Carmen Calvo

(Valencia, 1950)

Reconstruction series

1985

mixed media, collage, gouache

38 x 52 cm

Inv. no. 5107

BBVA Collection Spain



Carmen Calvo’s practice is defined by the organicity of unique found, fragmented and modelled objects, as well as by a quasi-museumlike thoroughness in rendering her works. Her interest in Egyptian art and archaeology can be traced back to her years in Paris when she availed of the opportunity to frequent the Louvre and the Père Lachaise graveyard. Those experiences fed into an innate curiosity which led the artist to compile apparently mundane, albeit highly meaningful materials and to arrange her works in such a way that they seem to have been buried or interred.

With the title Reconstruction Series, this fan is one of the two objects intervened by Carmen Calvo which were presented at Otros abanicos (Sala de Exposiciones Banco Exterior, 1985), a group show curated by Natacha Seseña and produced by Fundación Banco Exterior, in which 29 artists were given absolute freedom to decorate fans, both large and small, folding and fixed.
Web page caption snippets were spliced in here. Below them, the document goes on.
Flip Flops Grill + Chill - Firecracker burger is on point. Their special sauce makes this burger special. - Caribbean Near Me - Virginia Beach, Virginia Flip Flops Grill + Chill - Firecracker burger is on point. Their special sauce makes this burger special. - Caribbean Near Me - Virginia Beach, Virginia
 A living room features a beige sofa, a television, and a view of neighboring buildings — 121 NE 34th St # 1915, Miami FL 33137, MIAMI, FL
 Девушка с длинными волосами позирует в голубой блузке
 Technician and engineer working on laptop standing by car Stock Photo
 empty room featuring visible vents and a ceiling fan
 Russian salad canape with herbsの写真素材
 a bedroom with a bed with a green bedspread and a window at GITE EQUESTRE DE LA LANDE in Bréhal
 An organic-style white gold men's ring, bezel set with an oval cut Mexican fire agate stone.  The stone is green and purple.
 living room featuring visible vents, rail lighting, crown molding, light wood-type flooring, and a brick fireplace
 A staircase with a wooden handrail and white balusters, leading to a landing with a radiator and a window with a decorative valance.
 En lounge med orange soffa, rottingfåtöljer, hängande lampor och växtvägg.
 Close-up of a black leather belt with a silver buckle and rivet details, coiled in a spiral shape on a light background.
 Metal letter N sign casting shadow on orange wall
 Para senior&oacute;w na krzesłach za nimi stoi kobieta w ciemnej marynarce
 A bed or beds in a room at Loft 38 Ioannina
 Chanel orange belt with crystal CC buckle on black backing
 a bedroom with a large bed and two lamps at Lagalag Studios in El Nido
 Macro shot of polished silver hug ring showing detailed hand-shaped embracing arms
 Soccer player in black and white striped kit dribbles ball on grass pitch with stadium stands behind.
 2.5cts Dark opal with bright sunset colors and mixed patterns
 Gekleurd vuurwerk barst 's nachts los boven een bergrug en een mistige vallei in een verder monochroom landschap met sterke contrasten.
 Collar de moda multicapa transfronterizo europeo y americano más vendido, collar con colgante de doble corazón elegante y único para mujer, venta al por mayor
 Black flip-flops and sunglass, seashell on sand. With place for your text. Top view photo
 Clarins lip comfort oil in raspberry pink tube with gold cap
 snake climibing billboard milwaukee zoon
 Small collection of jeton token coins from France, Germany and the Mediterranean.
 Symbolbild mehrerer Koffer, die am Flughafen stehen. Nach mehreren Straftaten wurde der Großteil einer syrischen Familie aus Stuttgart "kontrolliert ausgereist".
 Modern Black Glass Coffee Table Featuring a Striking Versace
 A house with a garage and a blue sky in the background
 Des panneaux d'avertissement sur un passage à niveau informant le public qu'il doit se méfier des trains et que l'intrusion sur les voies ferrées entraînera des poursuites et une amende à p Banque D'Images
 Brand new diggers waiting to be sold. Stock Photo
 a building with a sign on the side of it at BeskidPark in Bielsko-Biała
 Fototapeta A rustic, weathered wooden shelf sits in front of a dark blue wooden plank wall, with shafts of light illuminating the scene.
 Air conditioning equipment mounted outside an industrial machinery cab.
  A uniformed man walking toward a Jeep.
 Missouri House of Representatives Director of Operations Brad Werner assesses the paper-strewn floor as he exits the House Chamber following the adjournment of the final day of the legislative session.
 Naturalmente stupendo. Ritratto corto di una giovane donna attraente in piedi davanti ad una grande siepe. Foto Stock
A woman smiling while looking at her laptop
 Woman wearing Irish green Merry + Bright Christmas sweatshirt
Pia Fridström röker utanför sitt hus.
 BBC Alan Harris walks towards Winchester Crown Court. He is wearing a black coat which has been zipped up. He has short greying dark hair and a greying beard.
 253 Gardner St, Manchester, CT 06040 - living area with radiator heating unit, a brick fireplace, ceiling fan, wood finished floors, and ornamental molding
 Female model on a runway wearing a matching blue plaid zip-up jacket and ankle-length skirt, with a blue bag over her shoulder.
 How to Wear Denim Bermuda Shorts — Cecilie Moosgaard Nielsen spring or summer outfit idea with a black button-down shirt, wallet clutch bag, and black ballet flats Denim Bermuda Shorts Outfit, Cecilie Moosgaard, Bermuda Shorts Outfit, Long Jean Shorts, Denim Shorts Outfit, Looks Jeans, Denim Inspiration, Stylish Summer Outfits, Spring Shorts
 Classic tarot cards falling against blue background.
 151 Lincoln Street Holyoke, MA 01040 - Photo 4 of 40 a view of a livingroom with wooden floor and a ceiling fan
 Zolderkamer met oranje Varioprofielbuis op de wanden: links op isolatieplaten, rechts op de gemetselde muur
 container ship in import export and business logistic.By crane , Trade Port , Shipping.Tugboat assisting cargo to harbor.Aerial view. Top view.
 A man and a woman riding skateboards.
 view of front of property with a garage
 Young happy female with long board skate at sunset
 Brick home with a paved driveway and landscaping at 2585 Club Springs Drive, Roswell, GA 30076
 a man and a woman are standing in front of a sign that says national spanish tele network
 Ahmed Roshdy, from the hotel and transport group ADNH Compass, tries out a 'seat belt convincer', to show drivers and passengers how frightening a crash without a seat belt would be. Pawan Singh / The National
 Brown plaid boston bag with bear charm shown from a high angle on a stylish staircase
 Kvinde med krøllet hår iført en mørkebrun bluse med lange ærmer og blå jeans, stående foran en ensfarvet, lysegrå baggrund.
In 1988 the exhibition travelled to the Spanish Institute in New York and in 1990 to Palacete del Embarcadero in the port of Santander. In the catalogue, images of the pieces on show were accompanied with texts commissioned to Francisco Umbral, Camilo José Cela, Antonio Gala and Elisa de Rojas, among others.

This piece belongs to an experimental body of work bearing the same title, which, together with the Landscapes, Writings and Compilation series, comprises one of Calvo’s most significant lines of research. In this case, the white poster board fan is appended with a number of small geometric figures, also made in poster board. The result is a delicate piece, in which the cuttings have been made in an organised, rhythmic fashion, partially completing the figure and hinting at the reconstruction of a whole from discovered remnants. Carmen Calvo often uses the silhouettes of objects and compilations of fragments and disparate elements to explore ideas on memory and remains.

In the exhibition catalogue, this piece was accompanied by a text by Rosa Chacel examining the act of painting a fan and the materialisation of the invisible atmospheric phenomenon of the wind, arguing that decorating a fan could be equated with painting something as evanescent as the breeze.